Namibia - Working conditions



The labor force comprised around 500,000 people in 1997, of which 41 percent were female and 20 percent were aged 10-14 (34 percent in 1980). The labor force grew at 2.4 percent a year between 1980 and 1997. Around 16,500 people enter the labor market each year. A high proportion of the workforce remains illiterate and unskilled. Agriculture provides employment for nearly half the workforce. Excluding subsistence farmers, the government is the biggest employer, accounting for over 70,000 jobs (18 percent of the workforce). There were 8,000 employed in the armed forces in 1995 (1.3 percent of the labor force).

In the colonial period a stream of African migrant workers came from the rural areas of Namibia and nearby countries such as Angola, Botswana, and Zambia. The development of the early mines and ranches depended on these sources of cheap labor. In the diamond and uranium mines, where profits have been high and the wage bill a small proportion of costs, the situation has changed, and these enterprises now pay the highest wages in the country. Elsewhere, particularly on the ranches, wages remain extremely low.

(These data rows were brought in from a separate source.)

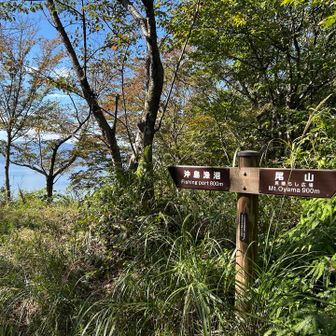尾山に向かいます
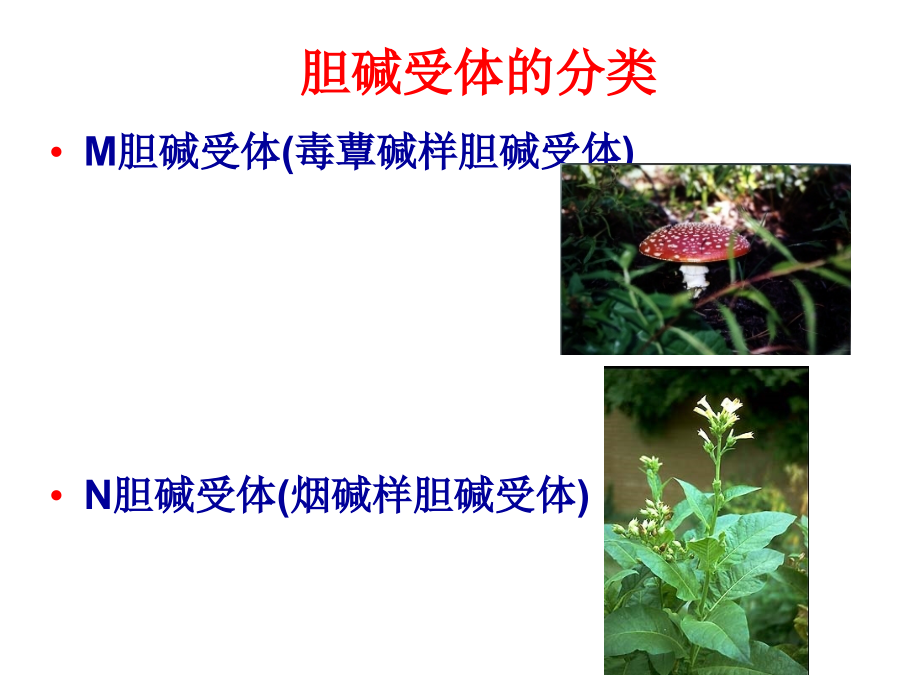 药物化学基础中职药剂专业拟胆碱药和抗胆碱药课件_第1页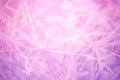 Grass flower soft focus with pink,purple filter effect Royalty Free Stock Photo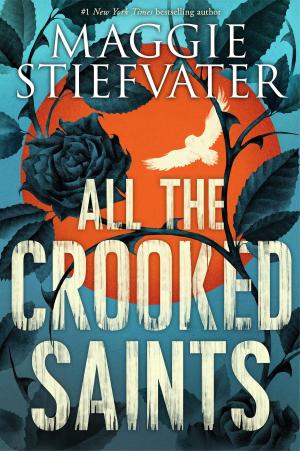 Cover of the book All the Crooked Saints by Jennifer Ziegler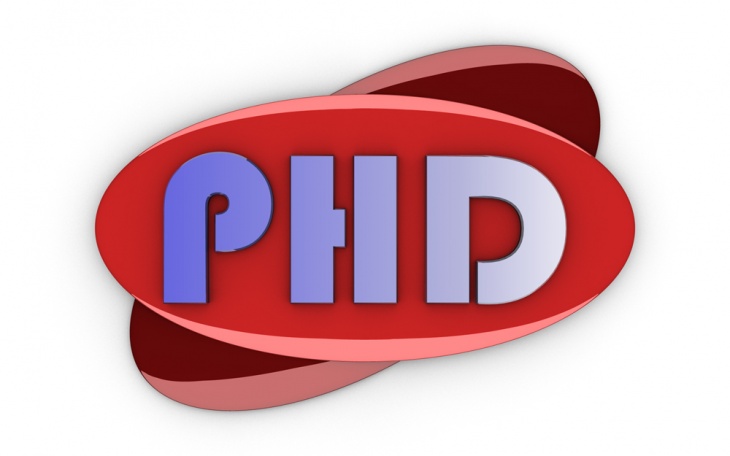 PHD Logoarbeit I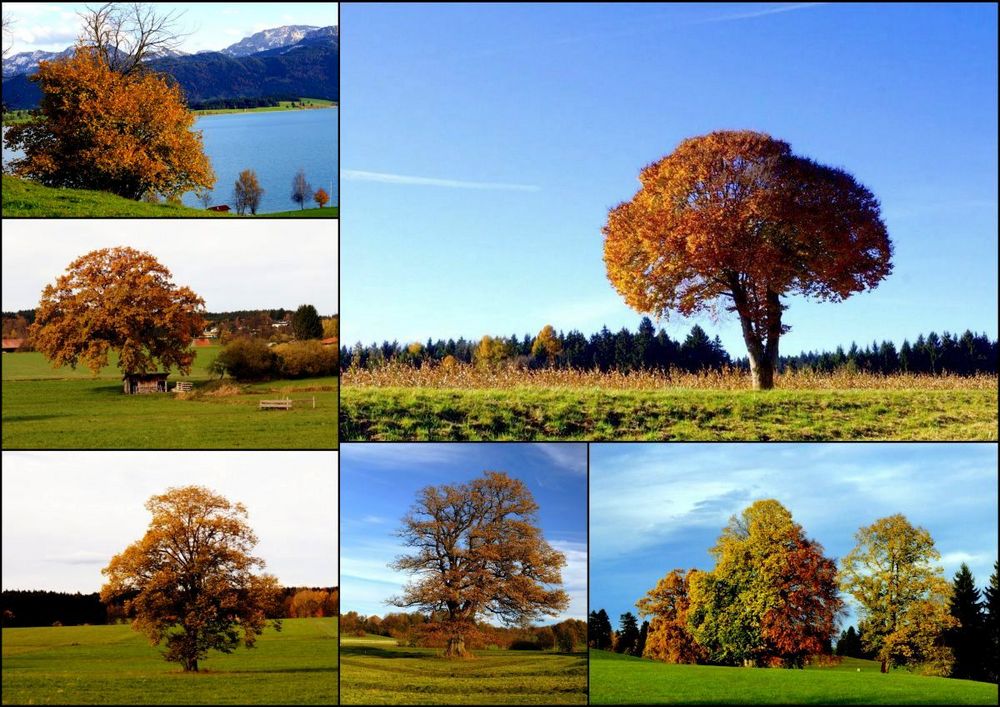 Herbstbäume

Unemployment figures have little significance in Namibia. There are very few with no work at all. Estimates in 1977 indicated that those who are unemployed or underemployed make up between 30 percent to 40 percent of the workforce, but this is almost all underemployment. There is no unemployment benefit, and those who do not work rely on support from charities or their families. Many people would like a modern sector job, but eke out an existence on family farms or in casual informal sector activities (such as hawking , portering, and scavenging) in the urban areas.